▸ TASK: Starting at the line where "By three years" occurs, reproduce each line through the end of the entries below exactly. Omit every picture.

Stored items from a collection
-- Opening Marker --

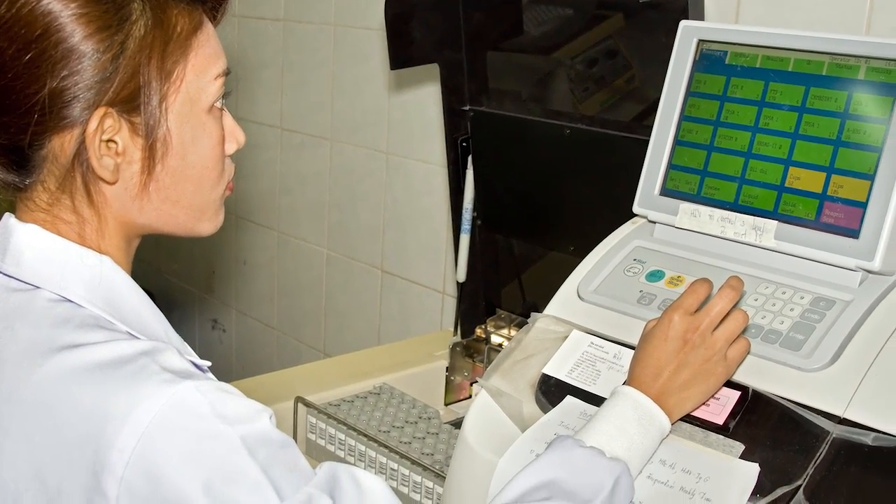My name is Brent DeMeo and I'm a clinical laboratory scientist here at Cedars-Sinai Medical Center. As a clinical laboratory scientist, we perform diagnostic tests that help doctors be able to determine if a patient is basically sick or not.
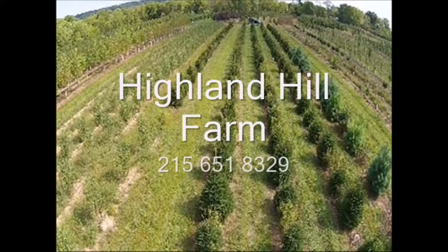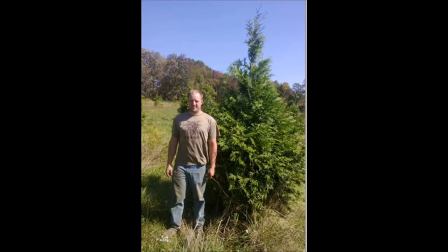This video is brought to you by Highland Hill Farm. We grow and sell screening and buffering trees for privacy and sound barriers.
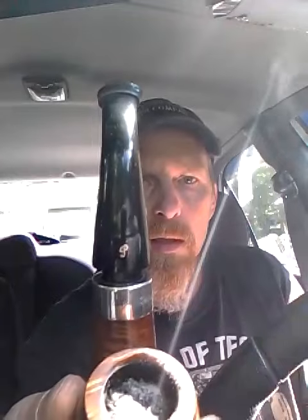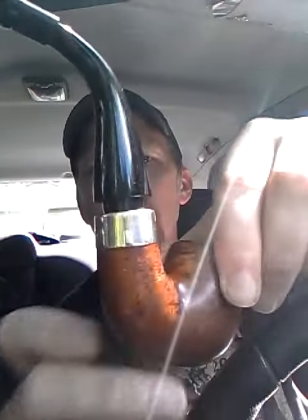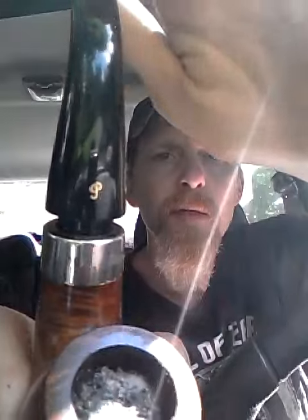Smoking some Peter Stokkebye's Luxury Bullseye Flake. And this Peterson Mark Twain — it's a limited edition. This is number 177 of 400. This is the first edition they made, they put out.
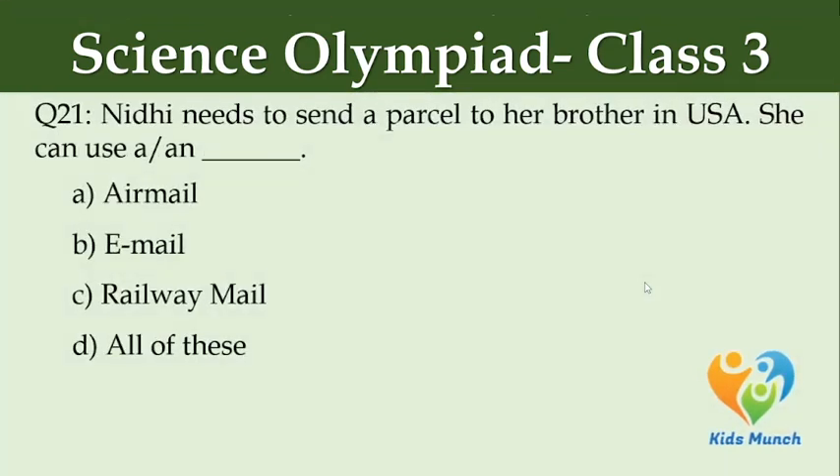Needy needs to send a parcel to her brother in the USA. She can use — Option A: airmail, Option B: email, Option C: railway mail, Option D: all of these.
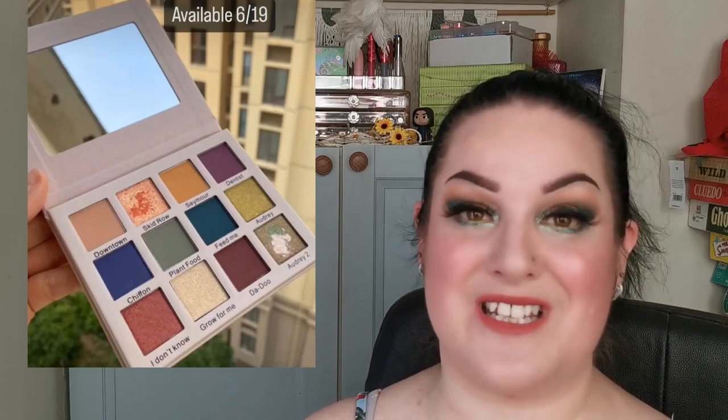You'll be able to get the single palette for $30 US, or the whole Audrey 2 collection - which includes the Skid Row palette, Feed Me Lashes, Plant Food Lip Scrub, Mean Green Lipstick, Suppertime Lipstick, and a Five Piece Eye Makeup Brush Set - for $65 US. I'm super excited for this one.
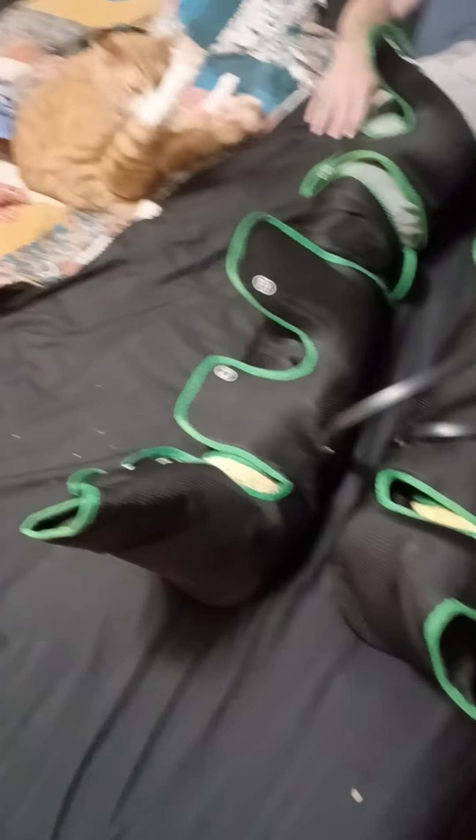I usually go about 30 minutes or so, but my ankles and feet are huge. I'll have to take a picture of them one day.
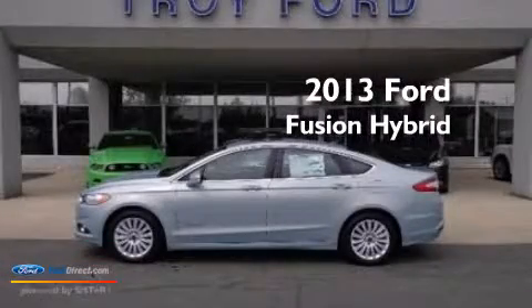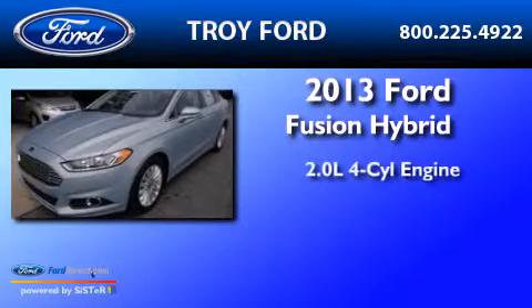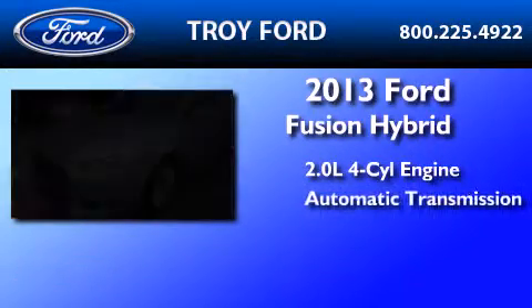This is a brand new 2013 Ford Fusion Hybrid. It has a 2.0 liter 4-cylinder engine and an automatic transmission.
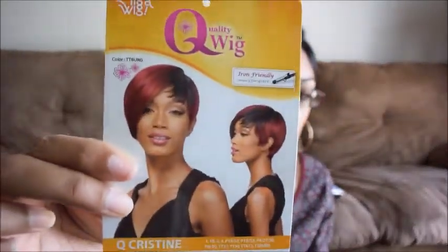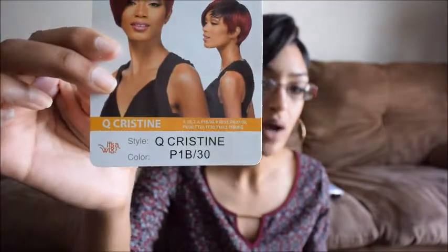The first wig I'll be showcasing is the one I have on right now. It's a wig and the style name is Q Christine. I got it in the color 1B/30. This wig is not new — it's been out for a while.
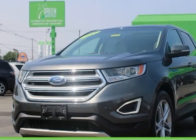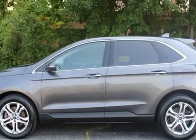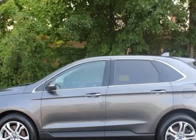This 2015 Ford Edge is brought to you by Green Auto Plus, needs nothing to pass state inspection, service record available.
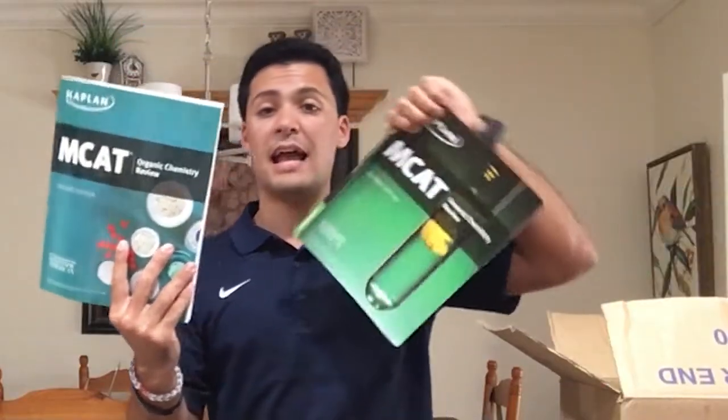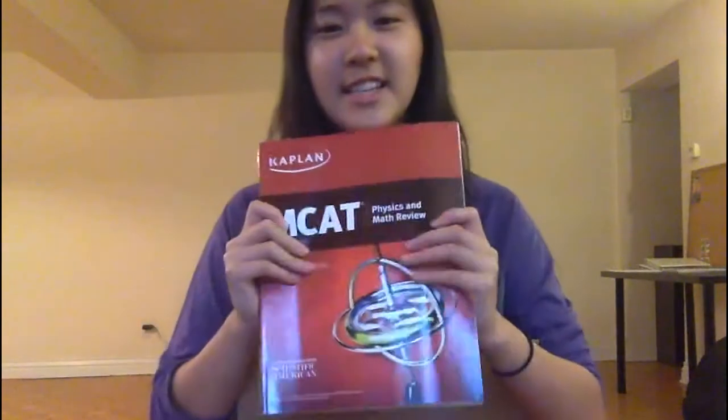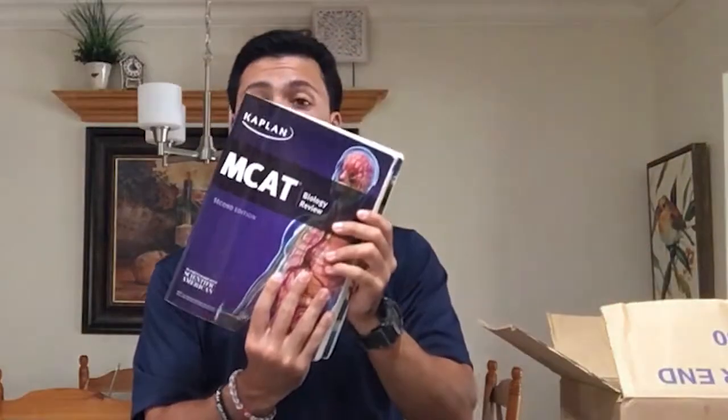Outside of that I have seven MCAT subject-specific books: the organic chemistry review book and the general chemistry review book, the MCAT physics and math sections, the MCAT critical analysis and reasoning section or CARS section, the biology review book, biochemistry review, and last but not least the MCAT behavioral sciences review.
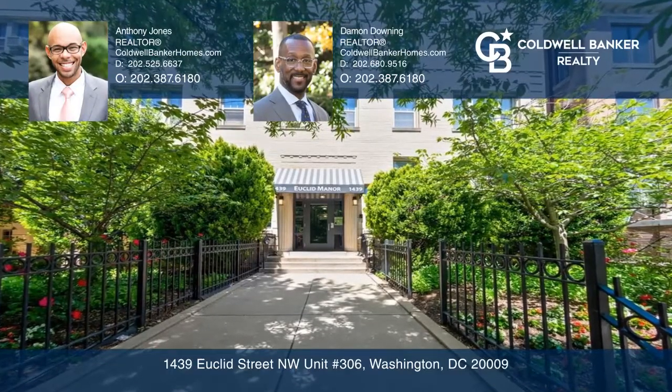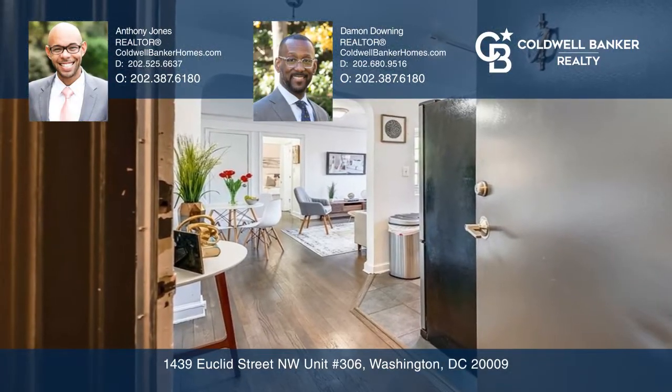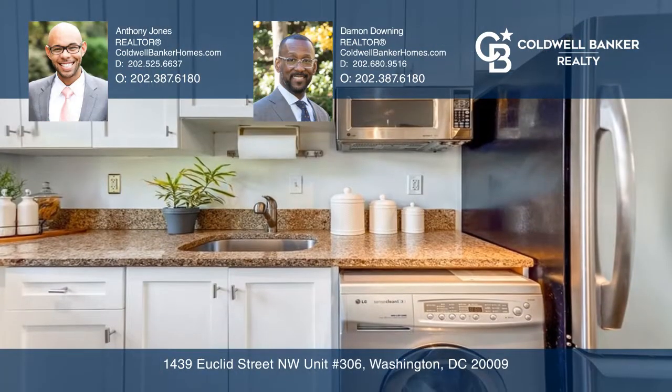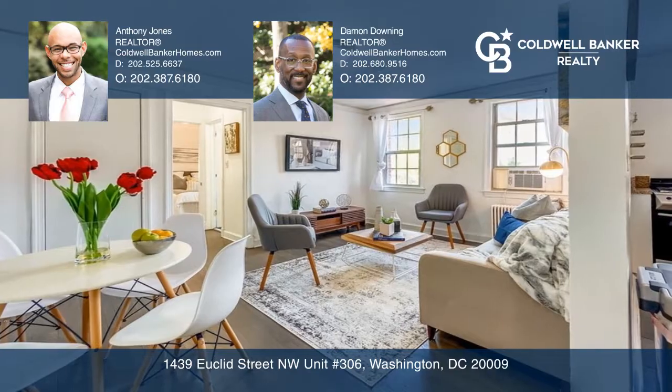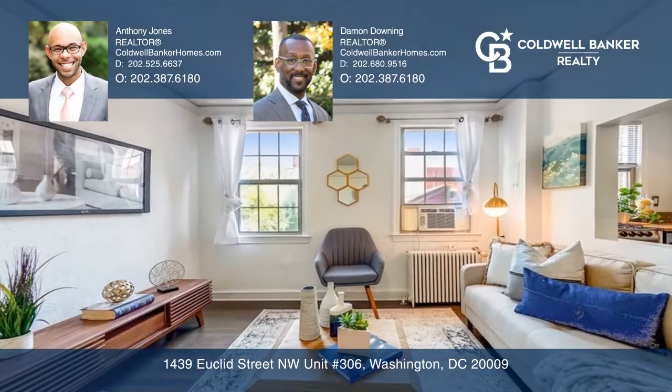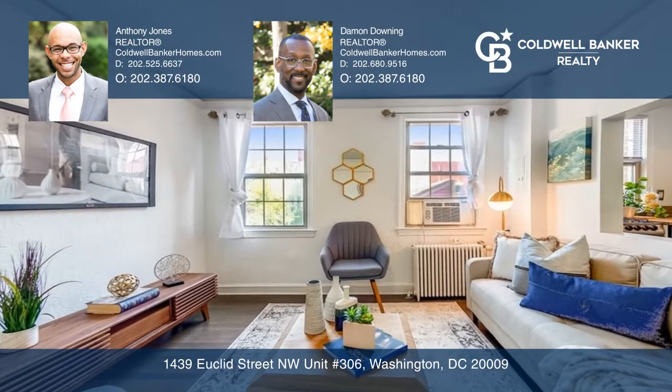This one-bedroom, one-bathroom corner unit offers a sun-filled, spacious floorplan complete with an upgraded kitchen as well as a flexible living and dining area. The kitchen is graced with stainless steel appliances and granite countertops. Recent renovations include hardwood floors and fresh paint throughout.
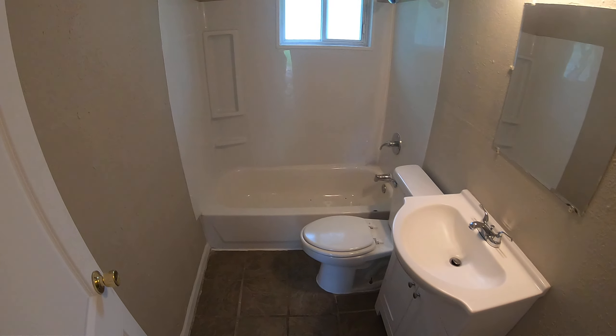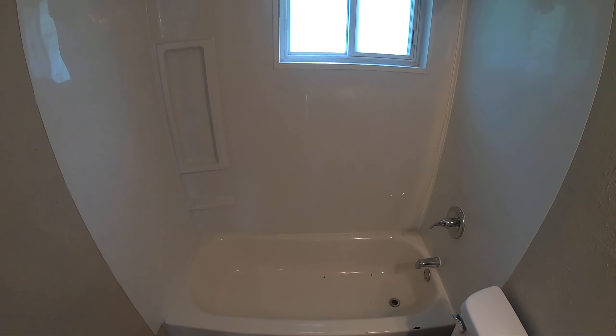This is 2956 North Quincy. It's a three-bedroom, one-bath home with gas furnace.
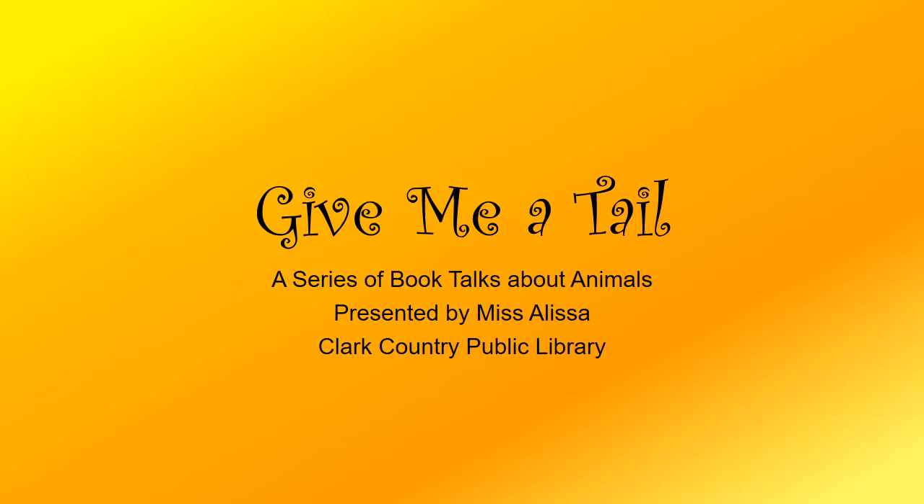Hello and welcome to Give Me a Tail, a series of book talks about animals here at Clark County Public Library. I'm your host, Miss Alyssa, and let's shake a tail and get into some stories.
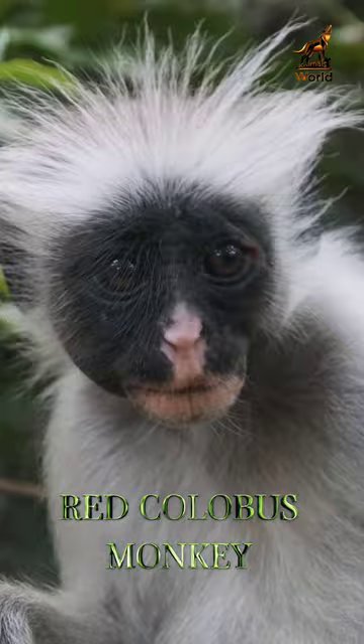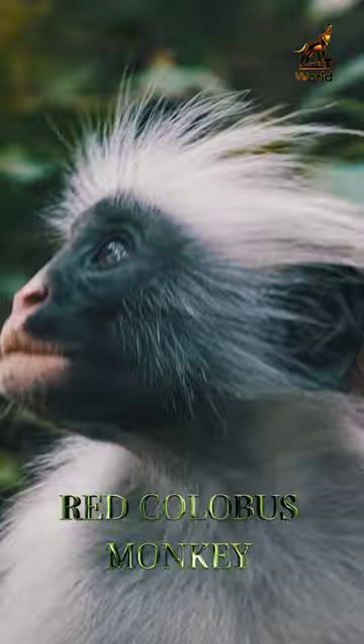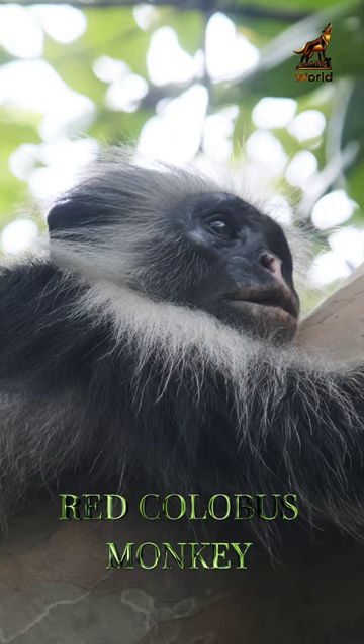These monkeys are primarily arboreal, spending most of their time in the trees where they are safe from predators. Despite their shy and elusive nature, they are highly social animals and live in large groups of up to 30 individuals.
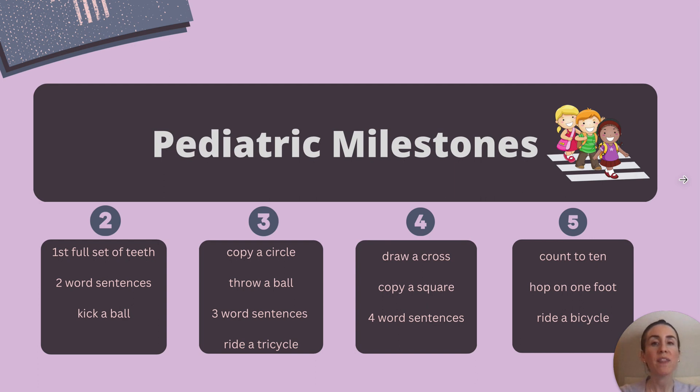By three years old, they should be able to copy a circle, throw a ball, use a three-word sentence, and ride a tricycle. This one is easy to remember because a tricycle has three wheels. This is also when we begin to routinely check blood pressure in children.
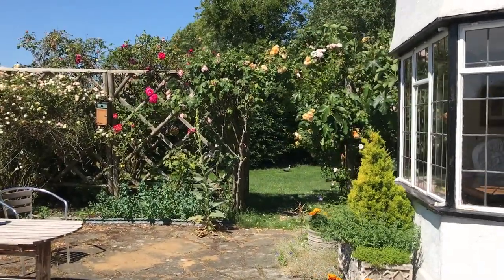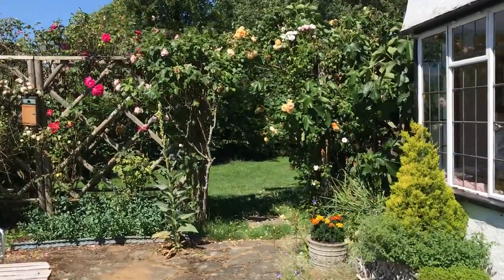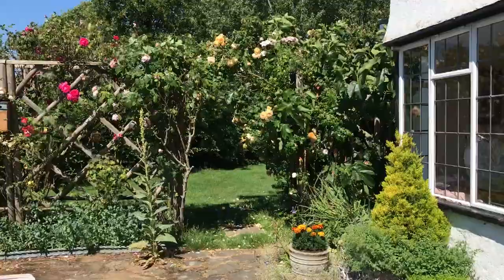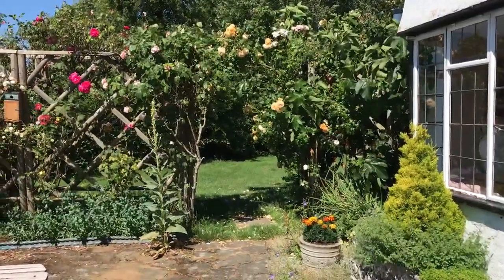And then there's a rose trellis here which leads into the back garden. I'll do a film on our back garden where the vegetable plot is in the next slot. Hope you've enjoyed it. Bye!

-- Closing Marker --

▸ RESPONSE:
By three years old, they should be able to copy a circle, throw a ball, use a three-word sentence, and ride a tricycle. This one is easy to remember because a tricycle has three wheels. This is also when we begin to routinely check blood pressure in children.
And then there's a rose trellis here which leads into the back garden. I'll do a film on our back garden where the vegetable plot is in the next slot. Hope you've enjoyed it. Bye!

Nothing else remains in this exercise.